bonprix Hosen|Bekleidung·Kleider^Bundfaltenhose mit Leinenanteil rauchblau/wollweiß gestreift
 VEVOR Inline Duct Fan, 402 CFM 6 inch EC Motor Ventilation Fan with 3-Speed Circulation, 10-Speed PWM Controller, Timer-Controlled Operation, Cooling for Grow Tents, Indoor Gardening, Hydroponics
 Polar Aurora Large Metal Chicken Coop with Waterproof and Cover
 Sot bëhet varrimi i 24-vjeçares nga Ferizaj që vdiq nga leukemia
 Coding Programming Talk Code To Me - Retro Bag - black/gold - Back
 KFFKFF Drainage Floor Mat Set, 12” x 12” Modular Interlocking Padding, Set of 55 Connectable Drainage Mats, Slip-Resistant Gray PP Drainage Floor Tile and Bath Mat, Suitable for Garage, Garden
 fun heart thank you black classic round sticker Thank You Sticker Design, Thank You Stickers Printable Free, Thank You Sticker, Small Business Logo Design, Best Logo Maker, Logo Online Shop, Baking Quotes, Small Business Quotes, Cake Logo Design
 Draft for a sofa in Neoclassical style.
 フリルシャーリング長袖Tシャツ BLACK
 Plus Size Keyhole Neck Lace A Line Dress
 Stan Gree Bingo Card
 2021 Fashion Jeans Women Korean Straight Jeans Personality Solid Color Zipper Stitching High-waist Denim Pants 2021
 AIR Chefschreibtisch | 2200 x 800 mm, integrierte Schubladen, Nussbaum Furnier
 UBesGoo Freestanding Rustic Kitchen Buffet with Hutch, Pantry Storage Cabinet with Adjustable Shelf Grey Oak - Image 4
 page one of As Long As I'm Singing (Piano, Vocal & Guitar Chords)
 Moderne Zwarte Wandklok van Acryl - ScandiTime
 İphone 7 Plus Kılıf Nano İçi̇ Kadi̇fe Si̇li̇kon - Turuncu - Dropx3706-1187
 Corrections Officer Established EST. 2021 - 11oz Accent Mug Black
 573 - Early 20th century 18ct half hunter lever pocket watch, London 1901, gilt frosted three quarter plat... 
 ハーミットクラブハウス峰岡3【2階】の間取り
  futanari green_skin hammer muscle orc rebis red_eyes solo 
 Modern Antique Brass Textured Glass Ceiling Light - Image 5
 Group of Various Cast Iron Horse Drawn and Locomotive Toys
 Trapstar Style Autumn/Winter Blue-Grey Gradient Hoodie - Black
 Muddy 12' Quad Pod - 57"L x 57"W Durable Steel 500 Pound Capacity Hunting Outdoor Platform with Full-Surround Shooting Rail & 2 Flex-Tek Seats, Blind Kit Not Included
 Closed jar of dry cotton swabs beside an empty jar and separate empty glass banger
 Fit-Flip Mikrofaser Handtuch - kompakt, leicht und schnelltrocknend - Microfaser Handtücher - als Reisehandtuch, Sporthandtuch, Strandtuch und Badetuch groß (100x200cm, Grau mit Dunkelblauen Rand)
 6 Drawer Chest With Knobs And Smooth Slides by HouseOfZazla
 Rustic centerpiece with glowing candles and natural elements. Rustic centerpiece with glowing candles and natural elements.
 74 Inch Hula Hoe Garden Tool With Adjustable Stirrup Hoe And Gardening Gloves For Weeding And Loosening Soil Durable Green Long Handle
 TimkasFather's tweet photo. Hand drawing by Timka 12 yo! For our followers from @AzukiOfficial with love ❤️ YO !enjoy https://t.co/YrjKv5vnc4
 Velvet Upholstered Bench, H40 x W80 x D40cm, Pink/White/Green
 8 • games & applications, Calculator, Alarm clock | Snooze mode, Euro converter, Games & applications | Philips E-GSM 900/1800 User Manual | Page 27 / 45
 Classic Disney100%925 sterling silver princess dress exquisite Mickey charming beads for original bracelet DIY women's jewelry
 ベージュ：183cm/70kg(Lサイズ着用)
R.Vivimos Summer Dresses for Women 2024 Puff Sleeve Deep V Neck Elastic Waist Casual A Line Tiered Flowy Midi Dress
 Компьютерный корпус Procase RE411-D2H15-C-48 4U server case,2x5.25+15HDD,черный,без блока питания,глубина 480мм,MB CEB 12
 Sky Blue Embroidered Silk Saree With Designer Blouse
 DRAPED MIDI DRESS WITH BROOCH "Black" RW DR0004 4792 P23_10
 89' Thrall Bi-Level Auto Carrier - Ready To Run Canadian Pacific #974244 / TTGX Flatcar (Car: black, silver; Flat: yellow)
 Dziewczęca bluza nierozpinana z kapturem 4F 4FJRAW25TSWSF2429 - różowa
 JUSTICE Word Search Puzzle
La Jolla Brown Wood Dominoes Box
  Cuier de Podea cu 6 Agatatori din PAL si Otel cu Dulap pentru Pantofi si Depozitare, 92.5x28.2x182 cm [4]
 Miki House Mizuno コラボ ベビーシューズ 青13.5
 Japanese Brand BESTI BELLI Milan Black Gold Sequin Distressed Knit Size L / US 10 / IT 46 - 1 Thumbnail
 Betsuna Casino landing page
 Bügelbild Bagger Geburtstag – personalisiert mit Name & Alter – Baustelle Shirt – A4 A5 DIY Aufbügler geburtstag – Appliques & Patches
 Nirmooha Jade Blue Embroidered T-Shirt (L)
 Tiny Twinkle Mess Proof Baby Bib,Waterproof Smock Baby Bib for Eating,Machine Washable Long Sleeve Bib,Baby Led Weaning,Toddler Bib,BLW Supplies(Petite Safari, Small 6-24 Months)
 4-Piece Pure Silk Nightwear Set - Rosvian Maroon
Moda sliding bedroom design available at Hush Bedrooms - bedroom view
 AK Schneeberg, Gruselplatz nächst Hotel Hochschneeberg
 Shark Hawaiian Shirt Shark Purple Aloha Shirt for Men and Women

-*-*-

**Task directions**
Only the number is needed: count the lines of the material that include "Plus".

**The completed task**
2